それがたとえ、エレメナに傷をつけることになったとしても。
「どうして私がこんなに苦しまなきゃいけないの」
「急に弱気になってどうしたの。私はあなたがしてきたことを知っている。このくらいの痛みでは済まされないこと」
その時急にエレメナの人格が違うものに移りかわる。
「私はずっと虐げられてきたの。分かりますかこの気持ちが殿下。あなたの寵愛は私にとって希望だった。だから精いっぱいを返さなければならないのです」
「エレメナを使って何を言っているの緑陰の魔女、そんな身勝手が通用するわけがないでしょう」
「知らないね」
「もう終わりにする」
緑陰の魔女にとどめを刺そうとするとき、いろいろなビジョンが頭の中を流れてきた。
「これは」
未来の私が積み上げてきた長年の思いである。
「私が決意したのは最後のループの時」
感情の抑制が始まった途端目の前の光景が頭に流れ込んでくる。これが私がまさに今見ている光景なのだろうか、あまりも残酷で凄惨な、思わず目をそらしたくなる程の光景である。
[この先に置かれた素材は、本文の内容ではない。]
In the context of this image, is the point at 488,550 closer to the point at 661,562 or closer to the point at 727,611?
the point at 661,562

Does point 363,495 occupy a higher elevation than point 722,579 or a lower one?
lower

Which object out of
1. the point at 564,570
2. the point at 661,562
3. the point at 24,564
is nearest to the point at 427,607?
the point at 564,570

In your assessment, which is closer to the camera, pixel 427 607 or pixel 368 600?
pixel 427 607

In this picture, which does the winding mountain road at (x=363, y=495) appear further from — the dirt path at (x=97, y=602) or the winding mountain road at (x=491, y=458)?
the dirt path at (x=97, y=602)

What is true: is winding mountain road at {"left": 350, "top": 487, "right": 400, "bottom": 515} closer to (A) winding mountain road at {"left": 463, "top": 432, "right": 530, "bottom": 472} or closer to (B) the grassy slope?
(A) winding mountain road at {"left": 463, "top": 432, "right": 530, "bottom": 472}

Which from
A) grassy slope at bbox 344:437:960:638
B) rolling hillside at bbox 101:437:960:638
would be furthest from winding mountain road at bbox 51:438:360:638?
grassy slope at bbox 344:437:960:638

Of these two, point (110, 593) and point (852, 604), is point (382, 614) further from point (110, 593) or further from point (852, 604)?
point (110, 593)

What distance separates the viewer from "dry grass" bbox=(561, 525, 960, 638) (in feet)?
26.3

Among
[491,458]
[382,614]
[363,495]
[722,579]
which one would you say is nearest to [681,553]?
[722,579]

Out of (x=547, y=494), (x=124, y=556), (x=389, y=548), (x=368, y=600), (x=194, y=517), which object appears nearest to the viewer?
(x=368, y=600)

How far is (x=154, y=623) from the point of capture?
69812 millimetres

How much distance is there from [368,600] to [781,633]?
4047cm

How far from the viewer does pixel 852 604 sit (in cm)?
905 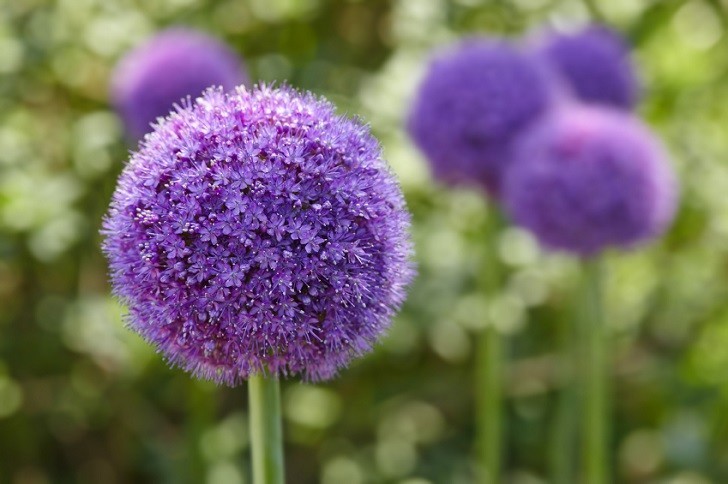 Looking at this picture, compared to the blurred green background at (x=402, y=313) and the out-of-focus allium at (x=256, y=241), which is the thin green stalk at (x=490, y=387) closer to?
the blurred green background at (x=402, y=313)

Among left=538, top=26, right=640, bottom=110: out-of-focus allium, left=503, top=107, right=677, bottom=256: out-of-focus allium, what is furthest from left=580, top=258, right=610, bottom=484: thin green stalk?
left=538, top=26, right=640, bottom=110: out-of-focus allium

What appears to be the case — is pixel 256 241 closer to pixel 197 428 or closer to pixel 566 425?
pixel 566 425

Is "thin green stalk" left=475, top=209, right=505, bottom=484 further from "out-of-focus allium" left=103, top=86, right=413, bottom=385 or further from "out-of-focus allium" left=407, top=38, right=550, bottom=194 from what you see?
"out-of-focus allium" left=103, top=86, right=413, bottom=385

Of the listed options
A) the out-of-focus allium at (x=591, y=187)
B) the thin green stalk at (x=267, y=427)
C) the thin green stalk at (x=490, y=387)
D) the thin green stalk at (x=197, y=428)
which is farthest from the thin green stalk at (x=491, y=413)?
the thin green stalk at (x=267, y=427)

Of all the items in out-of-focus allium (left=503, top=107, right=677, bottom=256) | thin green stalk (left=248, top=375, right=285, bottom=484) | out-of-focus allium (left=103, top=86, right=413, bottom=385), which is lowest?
thin green stalk (left=248, top=375, right=285, bottom=484)

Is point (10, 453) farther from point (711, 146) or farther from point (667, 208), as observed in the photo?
point (711, 146)

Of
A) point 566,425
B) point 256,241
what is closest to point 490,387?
point 566,425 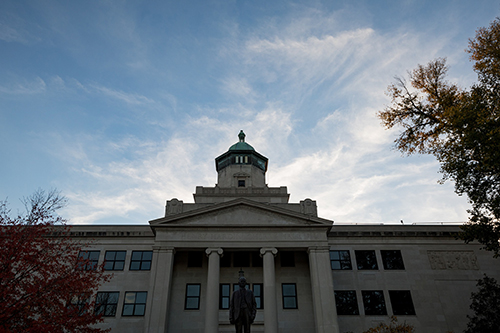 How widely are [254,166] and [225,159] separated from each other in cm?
425

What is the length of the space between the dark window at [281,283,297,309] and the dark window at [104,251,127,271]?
1558cm

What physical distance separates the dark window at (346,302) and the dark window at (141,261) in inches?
706

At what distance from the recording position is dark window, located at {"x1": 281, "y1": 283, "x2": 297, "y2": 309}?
31.9 meters

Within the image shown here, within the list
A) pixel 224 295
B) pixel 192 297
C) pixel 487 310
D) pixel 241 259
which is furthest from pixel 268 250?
pixel 487 310

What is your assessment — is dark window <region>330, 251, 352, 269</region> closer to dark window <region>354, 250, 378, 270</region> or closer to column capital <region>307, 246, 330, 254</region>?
dark window <region>354, 250, 378, 270</region>

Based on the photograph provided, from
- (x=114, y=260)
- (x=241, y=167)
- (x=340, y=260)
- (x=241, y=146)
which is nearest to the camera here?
(x=114, y=260)

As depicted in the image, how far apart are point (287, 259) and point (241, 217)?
6375 mm

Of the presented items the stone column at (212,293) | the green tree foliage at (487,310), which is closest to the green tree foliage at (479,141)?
the green tree foliage at (487,310)

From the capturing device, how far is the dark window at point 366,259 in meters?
33.9

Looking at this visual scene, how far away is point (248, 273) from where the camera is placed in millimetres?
33500

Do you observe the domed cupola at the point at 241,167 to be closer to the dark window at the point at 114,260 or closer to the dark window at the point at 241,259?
the dark window at the point at 241,259

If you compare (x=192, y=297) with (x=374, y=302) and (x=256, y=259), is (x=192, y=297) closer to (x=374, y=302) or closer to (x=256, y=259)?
(x=256, y=259)

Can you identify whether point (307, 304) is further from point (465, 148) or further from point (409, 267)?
point (465, 148)

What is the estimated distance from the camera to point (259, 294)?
3231 centimetres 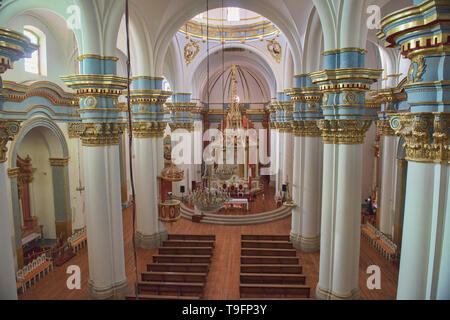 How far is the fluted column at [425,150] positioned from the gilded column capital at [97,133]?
647 centimetres

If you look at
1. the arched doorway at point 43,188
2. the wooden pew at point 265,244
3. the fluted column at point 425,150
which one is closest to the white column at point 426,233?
the fluted column at point 425,150

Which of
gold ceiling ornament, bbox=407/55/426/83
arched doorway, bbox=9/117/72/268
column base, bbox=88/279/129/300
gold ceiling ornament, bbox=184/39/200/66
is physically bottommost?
column base, bbox=88/279/129/300

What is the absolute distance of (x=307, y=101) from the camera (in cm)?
1147

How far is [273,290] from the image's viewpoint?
8.79m

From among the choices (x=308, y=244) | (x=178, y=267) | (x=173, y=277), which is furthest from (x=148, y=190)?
(x=308, y=244)

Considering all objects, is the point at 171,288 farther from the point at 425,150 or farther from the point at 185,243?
the point at 425,150

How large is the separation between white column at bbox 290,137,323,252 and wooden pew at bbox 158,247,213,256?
12.2 feet

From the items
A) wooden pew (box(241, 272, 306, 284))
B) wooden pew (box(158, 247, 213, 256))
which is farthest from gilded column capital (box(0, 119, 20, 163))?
wooden pew (box(158, 247, 213, 256))

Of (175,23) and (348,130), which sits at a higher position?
(175,23)

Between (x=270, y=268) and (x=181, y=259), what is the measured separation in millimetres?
3181

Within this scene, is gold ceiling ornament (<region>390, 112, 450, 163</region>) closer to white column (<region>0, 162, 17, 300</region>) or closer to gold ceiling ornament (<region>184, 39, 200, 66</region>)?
white column (<region>0, 162, 17, 300</region>)

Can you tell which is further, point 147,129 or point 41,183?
point 41,183

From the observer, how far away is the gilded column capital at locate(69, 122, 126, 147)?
25.7 feet

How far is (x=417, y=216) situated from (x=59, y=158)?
1319cm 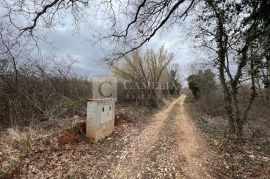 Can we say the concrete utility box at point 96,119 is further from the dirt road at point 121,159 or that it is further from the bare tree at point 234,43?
the bare tree at point 234,43

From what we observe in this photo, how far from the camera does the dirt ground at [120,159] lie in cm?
624

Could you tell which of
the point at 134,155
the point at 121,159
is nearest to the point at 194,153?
the point at 134,155

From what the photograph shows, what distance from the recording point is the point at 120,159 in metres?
7.40

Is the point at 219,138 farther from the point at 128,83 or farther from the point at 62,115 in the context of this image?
the point at 128,83

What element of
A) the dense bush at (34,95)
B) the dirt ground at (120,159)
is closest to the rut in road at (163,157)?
the dirt ground at (120,159)

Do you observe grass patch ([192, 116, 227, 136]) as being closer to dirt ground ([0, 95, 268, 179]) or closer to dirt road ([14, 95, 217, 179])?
dirt ground ([0, 95, 268, 179])

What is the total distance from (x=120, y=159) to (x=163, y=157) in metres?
1.41

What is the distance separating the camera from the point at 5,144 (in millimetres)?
7188

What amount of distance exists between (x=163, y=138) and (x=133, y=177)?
425 centimetres

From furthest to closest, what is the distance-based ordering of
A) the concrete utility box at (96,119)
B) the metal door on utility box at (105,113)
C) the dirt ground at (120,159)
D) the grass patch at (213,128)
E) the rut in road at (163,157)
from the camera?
1. the grass patch at (213,128)
2. the metal door on utility box at (105,113)
3. the concrete utility box at (96,119)
4. the rut in road at (163,157)
5. the dirt ground at (120,159)

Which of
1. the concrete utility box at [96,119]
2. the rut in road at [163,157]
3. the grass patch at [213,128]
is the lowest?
the rut in road at [163,157]

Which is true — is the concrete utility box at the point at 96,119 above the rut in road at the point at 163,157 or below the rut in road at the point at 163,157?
above

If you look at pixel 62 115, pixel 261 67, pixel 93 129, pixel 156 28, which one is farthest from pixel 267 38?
pixel 62 115

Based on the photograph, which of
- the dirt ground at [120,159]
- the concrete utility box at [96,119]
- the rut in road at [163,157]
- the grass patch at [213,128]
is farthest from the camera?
the grass patch at [213,128] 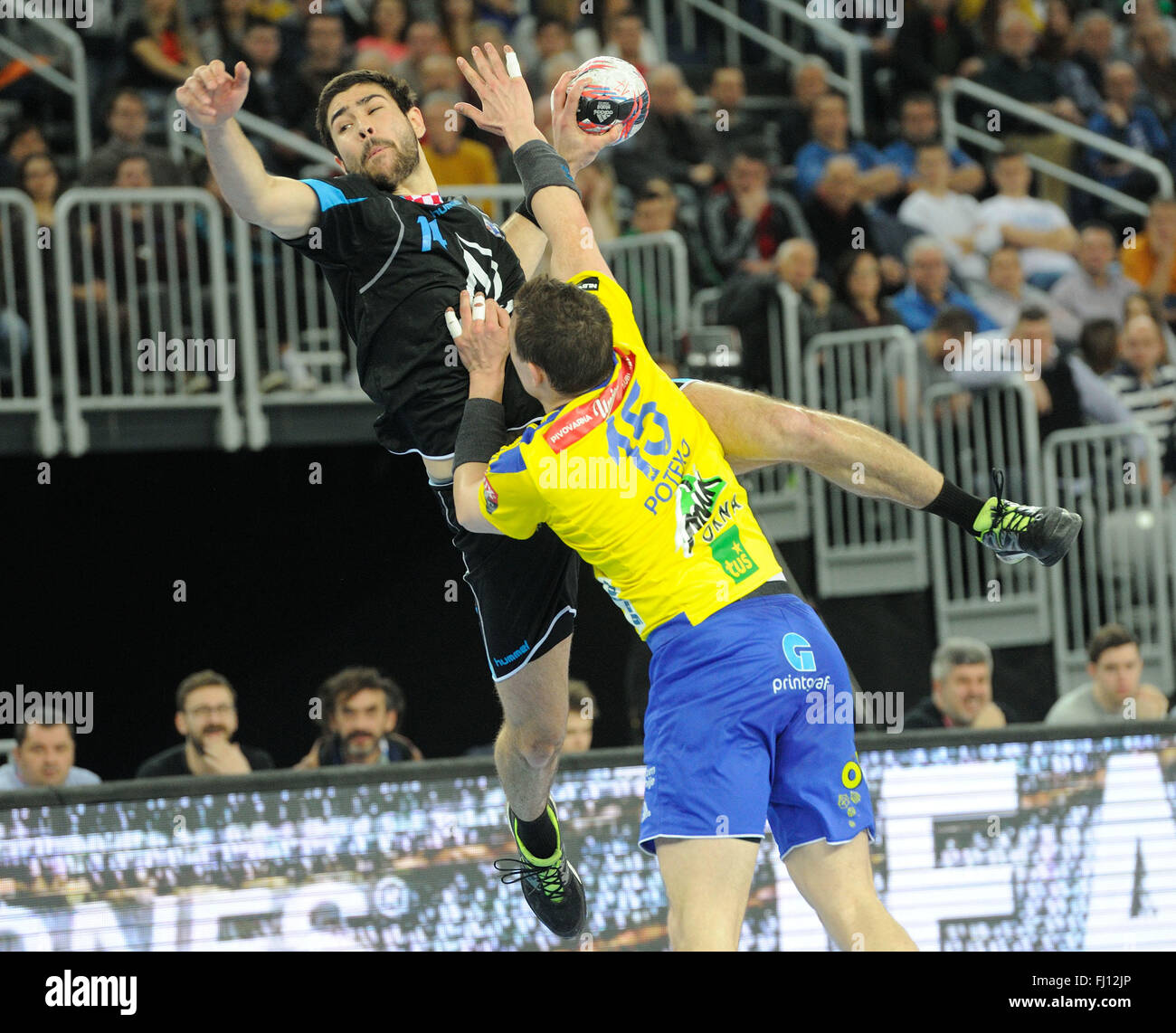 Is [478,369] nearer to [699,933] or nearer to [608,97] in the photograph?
[608,97]

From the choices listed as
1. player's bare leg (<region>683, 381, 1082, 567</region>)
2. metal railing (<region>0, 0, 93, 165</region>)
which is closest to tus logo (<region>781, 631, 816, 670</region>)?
player's bare leg (<region>683, 381, 1082, 567</region>)

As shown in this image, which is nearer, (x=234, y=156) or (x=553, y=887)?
(x=234, y=156)

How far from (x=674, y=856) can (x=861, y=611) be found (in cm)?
479

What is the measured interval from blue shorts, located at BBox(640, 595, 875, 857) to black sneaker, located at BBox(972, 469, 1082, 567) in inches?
30.6

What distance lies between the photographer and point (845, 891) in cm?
383

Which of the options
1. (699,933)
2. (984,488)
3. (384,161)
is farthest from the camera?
(984,488)

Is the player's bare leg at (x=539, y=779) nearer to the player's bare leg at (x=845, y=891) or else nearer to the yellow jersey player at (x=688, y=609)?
the yellow jersey player at (x=688, y=609)

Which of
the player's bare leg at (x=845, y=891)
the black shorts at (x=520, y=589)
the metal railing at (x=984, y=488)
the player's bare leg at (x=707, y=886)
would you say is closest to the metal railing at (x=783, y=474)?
the metal railing at (x=984, y=488)

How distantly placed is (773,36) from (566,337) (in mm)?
8279

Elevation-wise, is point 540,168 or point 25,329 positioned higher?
point 25,329

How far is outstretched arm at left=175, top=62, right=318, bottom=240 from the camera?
158 inches

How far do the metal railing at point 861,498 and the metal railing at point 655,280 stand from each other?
73cm

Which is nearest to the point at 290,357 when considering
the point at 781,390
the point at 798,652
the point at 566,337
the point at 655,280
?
the point at 655,280

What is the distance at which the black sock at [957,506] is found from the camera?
14.8ft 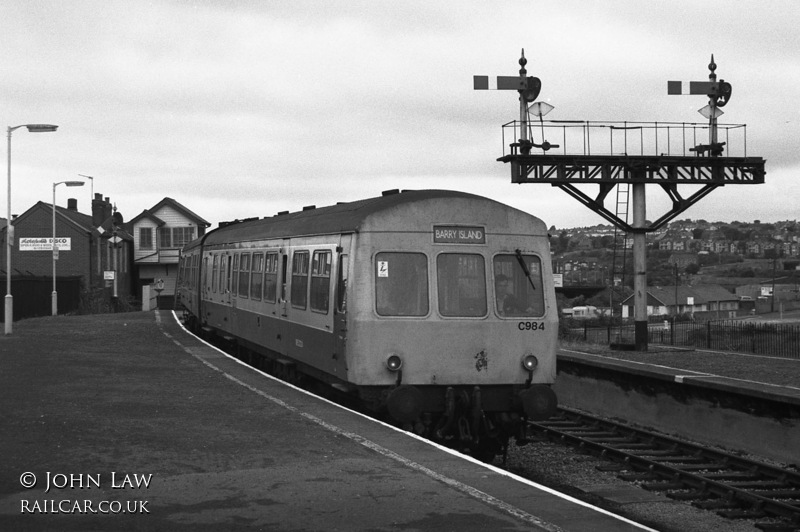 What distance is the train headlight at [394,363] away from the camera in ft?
38.2

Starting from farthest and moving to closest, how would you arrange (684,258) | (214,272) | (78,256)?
1. (684,258)
2. (78,256)
3. (214,272)

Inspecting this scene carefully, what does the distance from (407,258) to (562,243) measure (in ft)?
527

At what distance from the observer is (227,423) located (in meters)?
11.0

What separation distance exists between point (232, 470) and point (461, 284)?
454 centimetres

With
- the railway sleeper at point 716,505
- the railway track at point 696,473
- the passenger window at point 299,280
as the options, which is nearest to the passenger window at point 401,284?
the passenger window at point 299,280

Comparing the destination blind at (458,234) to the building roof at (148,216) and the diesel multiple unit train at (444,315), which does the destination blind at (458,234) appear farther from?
the building roof at (148,216)

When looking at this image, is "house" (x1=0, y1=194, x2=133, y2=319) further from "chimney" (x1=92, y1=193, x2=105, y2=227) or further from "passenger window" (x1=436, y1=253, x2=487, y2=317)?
"passenger window" (x1=436, y1=253, x2=487, y2=317)

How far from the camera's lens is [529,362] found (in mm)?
A: 12055

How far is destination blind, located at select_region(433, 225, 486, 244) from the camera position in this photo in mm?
12062

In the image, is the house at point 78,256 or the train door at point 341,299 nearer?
the train door at point 341,299

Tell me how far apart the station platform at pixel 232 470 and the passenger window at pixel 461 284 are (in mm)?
1806

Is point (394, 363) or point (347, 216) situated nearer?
point (394, 363)

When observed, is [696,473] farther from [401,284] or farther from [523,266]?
[401,284]

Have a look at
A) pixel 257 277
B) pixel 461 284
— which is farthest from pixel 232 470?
pixel 257 277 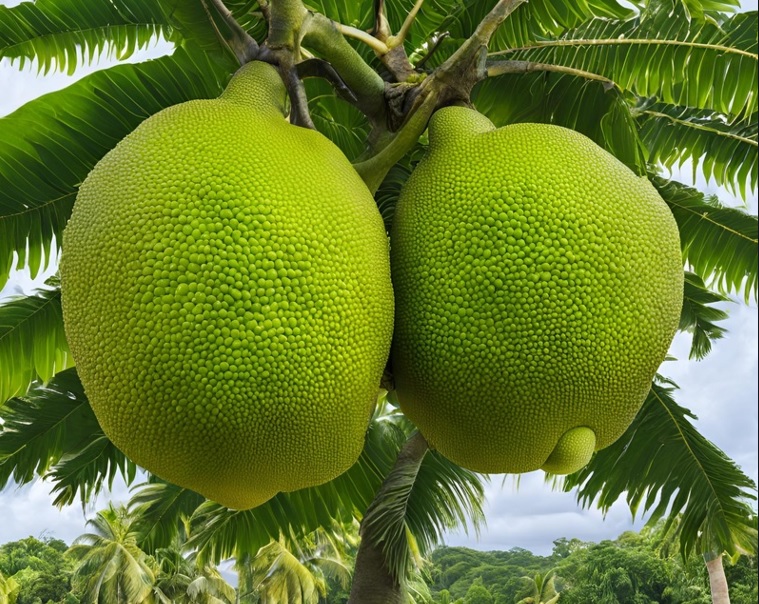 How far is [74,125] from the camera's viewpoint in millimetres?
2285

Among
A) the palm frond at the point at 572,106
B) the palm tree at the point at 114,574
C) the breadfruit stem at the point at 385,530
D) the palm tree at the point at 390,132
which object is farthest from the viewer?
the palm tree at the point at 114,574

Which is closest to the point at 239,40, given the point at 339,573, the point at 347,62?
the point at 347,62

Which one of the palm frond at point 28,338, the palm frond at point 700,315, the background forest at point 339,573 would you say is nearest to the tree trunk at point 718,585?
the background forest at point 339,573

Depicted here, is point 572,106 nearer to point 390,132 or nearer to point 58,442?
point 390,132

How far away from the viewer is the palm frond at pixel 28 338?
8.99 feet

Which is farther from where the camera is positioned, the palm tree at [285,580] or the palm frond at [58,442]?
the palm tree at [285,580]

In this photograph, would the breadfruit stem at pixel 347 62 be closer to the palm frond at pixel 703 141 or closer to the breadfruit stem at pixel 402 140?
the breadfruit stem at pixel 402 140

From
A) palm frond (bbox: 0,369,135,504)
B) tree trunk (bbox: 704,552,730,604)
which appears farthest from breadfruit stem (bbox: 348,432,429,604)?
tree trunk (bbox: 704,552,730,604)

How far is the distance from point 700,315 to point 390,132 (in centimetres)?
284

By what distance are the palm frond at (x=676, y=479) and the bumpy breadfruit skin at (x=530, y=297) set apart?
2037 mm

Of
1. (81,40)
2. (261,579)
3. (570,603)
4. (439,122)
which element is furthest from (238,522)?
(261,579)

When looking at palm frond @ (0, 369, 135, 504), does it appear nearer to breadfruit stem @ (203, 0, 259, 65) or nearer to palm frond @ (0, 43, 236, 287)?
palm frond @ (0, 43, 236, 287)

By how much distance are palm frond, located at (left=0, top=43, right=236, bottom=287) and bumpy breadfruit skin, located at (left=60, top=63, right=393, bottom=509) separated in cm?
126

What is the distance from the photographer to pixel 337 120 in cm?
262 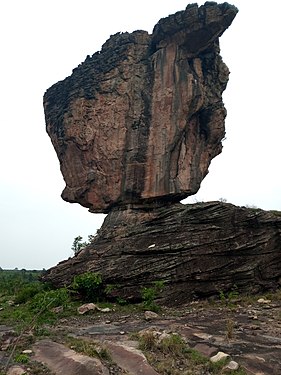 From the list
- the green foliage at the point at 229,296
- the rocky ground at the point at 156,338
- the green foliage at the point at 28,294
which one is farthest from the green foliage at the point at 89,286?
the green foliage at the point at 229,296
目の前の殿下の姿が霞む。前回のループで緑陰の魔女にぶつけた怒りは依然と私の体を覆っていた。
「これで最後ね」
そう決めて活力の全てを捧げた結果残るものは何もなかった。いや確かに捧げた結果目的は達成した。しかし全てが終わった今最早手元には何も残っていないのである。
「殿下! 反応してくださいよ。このルートの私はもうダメね」
「……」
「冗談じゃない」
あらゆるビジョンが断片的に頭の中に流れてくる。殿下との悲惨なループでの出来事が未来の私の心をどんどん黒く染めていくのがわかった。
「こんなの耐えられない」
そう思ってもまだ記憶の流出はとどまることを知らなかった。
「これこそ最も殿下が享受したかったことなのだろうか」
自問自答を繰り返した先に私は答えを見出した。殿下との誓いをより固めることになる。
その先に私は自分の答えを見出したのである。
あまたのループの中で殿下と一緒に未来の私が見出した答え、それは式へと誘導した。
緑陰の魔女を攻略、殿下と考えた攻撃も全く通用しなかった。たどり着いたのは過去への干渉。式で元の場所へ惹きつける。
自分を犠牲にして一つの正解ルートへ到達する唯一の手段である。
「これしかない」
「式は破滅を生む。だからこそすべてはそこで終わる、それを利用する」
式の破滅が始まる。
未来の私の思考が固まる。
「やっと見つけた。長かった活動に終止符を打つ」
点と線が繋がる。まるで今までの出来事の全てはこの出来事のためだったのだと実感する。これ以上はもう何もないであろう発見したのだった。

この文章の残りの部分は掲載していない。